• ACTION ITEM: Within the records below, reproduce without change the lines from the line that has "handmade crochet handbag" through the line that has "Cashmere Project Floral Printed Scarf", and only those.

[Records from a collection]
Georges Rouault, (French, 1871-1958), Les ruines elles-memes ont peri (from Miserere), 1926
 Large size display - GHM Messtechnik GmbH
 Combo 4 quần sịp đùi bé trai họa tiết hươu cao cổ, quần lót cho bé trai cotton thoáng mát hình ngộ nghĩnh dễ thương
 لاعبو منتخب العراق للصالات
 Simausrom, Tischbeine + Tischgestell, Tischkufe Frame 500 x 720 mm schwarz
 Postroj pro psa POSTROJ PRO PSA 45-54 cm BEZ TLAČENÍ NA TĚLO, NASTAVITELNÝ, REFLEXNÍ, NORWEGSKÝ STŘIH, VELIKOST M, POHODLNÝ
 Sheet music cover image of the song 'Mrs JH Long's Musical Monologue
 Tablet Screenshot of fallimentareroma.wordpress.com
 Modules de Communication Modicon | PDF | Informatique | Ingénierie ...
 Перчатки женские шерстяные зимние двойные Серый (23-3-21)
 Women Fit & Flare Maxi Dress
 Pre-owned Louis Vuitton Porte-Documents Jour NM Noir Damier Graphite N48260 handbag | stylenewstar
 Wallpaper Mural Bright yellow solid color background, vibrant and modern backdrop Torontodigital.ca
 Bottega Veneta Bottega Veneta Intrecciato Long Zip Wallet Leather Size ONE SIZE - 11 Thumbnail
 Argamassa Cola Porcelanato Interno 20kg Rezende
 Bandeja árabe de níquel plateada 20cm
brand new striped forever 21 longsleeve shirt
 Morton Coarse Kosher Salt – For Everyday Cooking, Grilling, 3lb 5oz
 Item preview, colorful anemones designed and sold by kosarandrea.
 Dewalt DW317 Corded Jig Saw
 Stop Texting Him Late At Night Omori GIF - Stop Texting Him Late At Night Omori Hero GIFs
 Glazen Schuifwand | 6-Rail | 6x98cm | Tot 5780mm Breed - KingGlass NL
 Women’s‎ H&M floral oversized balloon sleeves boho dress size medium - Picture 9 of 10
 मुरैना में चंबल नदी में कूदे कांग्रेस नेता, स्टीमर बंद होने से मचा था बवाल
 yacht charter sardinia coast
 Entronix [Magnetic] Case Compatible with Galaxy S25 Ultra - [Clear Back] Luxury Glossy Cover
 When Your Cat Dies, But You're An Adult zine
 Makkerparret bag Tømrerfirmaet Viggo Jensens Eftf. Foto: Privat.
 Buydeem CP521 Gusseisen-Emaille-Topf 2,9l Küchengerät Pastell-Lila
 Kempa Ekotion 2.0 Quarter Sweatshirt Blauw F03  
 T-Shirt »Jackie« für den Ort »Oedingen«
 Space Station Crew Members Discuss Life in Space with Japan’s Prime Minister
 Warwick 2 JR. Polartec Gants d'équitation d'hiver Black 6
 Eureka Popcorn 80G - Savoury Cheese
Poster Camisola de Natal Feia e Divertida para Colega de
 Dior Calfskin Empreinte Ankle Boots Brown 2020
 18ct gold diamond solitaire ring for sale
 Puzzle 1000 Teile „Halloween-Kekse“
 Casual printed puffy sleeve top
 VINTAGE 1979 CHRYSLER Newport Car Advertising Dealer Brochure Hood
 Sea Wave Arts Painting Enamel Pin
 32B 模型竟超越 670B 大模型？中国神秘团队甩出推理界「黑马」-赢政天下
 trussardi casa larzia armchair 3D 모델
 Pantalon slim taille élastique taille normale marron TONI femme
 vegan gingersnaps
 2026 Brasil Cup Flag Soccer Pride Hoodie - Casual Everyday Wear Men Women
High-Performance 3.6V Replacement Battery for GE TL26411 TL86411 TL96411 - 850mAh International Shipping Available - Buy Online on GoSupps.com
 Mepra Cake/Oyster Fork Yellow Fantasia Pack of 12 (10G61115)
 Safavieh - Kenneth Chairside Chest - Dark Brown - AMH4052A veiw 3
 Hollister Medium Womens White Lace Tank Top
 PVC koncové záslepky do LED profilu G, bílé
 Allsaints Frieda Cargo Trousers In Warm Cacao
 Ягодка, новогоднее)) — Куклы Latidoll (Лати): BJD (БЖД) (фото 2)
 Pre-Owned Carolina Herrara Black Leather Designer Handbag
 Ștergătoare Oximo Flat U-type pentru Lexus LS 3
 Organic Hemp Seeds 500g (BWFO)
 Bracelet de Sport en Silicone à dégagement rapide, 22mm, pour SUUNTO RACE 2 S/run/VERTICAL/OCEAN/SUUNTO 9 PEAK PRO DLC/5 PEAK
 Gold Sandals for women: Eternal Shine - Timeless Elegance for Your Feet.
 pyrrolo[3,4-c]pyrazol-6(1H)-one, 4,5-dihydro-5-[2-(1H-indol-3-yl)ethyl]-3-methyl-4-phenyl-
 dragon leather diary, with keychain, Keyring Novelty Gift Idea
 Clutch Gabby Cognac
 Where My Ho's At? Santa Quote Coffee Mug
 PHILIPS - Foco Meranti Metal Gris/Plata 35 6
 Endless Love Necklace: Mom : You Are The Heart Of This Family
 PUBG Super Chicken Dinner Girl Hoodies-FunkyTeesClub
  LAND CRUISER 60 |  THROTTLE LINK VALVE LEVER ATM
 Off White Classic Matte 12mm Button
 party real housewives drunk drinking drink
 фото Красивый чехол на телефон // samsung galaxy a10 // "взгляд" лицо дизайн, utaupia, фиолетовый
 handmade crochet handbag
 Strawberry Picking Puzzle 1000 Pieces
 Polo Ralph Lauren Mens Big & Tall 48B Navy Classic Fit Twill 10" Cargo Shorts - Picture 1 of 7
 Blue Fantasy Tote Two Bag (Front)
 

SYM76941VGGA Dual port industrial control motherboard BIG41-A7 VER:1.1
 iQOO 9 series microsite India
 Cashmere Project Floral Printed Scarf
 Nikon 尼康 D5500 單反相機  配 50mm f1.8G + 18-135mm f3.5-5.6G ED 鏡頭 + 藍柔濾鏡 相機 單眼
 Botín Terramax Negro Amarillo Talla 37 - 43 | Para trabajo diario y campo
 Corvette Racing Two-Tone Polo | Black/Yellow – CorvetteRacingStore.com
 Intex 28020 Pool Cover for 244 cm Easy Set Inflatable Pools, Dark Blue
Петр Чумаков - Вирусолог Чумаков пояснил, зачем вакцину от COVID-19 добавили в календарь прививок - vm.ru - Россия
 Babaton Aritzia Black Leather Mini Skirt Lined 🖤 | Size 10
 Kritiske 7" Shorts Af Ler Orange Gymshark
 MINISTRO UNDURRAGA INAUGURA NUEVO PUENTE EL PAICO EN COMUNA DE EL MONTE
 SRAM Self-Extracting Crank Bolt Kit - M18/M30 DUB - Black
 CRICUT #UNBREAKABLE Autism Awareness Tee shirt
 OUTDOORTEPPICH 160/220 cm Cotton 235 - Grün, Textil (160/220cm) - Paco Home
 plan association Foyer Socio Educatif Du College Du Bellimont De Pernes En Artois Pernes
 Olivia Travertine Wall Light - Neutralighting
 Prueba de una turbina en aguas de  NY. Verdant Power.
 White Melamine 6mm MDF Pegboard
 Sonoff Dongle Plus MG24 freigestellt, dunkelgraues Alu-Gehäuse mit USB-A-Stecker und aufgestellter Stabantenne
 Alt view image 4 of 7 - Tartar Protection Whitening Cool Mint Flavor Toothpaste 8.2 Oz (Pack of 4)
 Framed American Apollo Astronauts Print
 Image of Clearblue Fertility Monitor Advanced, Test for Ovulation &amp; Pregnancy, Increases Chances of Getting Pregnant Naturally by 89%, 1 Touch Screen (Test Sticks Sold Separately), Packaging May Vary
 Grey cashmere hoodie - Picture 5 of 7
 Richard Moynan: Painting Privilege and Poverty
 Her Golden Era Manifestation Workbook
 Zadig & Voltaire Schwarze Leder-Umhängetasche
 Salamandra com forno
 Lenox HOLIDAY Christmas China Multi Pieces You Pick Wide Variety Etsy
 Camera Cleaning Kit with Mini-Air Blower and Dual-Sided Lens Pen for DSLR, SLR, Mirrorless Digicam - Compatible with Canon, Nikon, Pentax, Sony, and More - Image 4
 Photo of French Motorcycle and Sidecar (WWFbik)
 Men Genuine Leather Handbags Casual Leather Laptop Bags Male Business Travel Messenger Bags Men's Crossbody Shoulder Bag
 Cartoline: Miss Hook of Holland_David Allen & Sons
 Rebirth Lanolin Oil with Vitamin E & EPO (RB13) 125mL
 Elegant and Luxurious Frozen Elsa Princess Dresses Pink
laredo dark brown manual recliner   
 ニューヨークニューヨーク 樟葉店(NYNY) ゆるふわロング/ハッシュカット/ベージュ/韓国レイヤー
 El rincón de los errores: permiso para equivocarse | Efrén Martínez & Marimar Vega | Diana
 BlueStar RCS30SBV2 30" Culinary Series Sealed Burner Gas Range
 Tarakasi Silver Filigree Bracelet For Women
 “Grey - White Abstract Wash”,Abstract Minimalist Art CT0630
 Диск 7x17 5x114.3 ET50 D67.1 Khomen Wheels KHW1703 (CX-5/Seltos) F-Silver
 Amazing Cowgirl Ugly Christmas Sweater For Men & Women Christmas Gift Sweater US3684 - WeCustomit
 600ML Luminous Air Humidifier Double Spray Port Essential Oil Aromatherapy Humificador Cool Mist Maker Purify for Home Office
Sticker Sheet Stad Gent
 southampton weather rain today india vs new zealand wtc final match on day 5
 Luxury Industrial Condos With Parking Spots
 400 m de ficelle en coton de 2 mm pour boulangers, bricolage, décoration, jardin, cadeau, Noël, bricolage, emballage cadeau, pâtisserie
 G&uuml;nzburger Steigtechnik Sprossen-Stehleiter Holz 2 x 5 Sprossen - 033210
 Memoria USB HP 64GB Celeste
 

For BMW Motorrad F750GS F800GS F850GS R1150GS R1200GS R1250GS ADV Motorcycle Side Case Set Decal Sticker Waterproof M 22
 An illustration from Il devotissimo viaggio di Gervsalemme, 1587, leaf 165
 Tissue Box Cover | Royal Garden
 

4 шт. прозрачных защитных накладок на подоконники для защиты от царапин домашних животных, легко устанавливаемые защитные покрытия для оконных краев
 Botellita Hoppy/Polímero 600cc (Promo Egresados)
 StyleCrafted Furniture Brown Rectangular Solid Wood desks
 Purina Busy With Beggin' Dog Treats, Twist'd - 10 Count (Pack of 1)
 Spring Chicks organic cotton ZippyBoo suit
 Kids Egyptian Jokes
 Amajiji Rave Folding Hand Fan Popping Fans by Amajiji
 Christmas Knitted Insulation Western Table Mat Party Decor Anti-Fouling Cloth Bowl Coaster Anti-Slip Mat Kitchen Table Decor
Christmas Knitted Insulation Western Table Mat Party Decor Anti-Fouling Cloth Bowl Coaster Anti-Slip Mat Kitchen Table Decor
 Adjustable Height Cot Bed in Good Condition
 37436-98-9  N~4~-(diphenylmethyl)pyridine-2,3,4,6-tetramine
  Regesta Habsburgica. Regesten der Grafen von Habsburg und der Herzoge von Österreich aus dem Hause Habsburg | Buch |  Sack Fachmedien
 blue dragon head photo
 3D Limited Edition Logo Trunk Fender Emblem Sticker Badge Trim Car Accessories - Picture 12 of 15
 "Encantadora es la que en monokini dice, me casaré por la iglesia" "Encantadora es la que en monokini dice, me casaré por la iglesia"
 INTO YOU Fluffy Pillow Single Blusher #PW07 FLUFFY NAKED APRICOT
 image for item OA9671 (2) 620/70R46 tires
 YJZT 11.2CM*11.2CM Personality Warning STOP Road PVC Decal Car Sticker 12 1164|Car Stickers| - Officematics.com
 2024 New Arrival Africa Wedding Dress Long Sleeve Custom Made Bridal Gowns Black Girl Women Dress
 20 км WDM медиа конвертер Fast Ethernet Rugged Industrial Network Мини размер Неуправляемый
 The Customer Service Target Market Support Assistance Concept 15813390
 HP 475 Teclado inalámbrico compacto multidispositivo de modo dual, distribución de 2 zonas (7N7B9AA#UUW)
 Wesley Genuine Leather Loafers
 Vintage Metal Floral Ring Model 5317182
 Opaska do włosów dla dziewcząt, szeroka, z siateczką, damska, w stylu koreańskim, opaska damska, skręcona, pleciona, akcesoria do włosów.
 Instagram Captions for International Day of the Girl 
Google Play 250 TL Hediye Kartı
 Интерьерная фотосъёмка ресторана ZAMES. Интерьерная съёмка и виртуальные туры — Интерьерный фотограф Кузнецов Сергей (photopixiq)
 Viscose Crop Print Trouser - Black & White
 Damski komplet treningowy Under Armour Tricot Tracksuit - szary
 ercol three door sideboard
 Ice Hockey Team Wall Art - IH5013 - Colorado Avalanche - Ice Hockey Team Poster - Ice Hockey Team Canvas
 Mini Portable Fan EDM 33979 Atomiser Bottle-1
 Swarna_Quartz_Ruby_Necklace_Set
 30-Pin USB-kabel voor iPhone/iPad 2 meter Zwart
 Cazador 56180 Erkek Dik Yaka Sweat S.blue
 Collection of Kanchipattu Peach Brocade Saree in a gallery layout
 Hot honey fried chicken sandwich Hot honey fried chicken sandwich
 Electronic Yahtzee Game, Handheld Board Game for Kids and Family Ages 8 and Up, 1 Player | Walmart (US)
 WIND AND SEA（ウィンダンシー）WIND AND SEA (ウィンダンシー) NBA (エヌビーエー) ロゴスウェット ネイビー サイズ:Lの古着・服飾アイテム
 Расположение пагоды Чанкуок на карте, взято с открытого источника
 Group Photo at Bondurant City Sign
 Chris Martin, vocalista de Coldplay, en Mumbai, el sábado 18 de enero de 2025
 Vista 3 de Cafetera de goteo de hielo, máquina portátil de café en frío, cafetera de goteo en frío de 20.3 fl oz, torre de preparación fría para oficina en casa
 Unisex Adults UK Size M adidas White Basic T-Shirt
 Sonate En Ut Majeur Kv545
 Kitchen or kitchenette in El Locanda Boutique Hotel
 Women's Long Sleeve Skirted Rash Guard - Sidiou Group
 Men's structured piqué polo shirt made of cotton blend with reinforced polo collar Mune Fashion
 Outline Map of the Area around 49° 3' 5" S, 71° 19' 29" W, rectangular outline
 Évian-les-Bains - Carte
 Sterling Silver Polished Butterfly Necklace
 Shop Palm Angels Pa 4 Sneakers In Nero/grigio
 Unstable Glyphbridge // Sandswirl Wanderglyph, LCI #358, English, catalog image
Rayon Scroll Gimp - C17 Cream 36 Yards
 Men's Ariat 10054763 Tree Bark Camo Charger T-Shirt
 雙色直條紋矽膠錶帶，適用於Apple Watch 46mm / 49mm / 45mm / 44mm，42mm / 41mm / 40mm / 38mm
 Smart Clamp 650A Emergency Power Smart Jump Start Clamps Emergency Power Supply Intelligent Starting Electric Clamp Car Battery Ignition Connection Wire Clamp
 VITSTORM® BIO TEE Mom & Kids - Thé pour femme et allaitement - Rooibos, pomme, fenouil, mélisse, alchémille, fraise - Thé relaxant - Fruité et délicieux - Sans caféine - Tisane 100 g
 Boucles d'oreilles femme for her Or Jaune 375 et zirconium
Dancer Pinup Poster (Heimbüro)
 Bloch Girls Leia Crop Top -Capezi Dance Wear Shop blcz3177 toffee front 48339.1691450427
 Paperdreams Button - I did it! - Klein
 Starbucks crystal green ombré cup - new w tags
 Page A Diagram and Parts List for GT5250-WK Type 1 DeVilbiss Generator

• EXERCISE SOLUTION:
 handmade crochet handbag
 Strawberry Picking Puzzle 1000 Pieces
 Polo Ralph Lauren Mens Big & Tall 48B Navy Classic Fit Twill 10" Cargo Shorts - Picture 1 of 7
 Blue Fantasy Tote Two Bag (Front)
 

SYM76941VGGA Dual port industrial control motherboard BIG41-A7 VER:1.1
 iQOO 9 series microsite India
 Cashmere Project Floral Printed Scarf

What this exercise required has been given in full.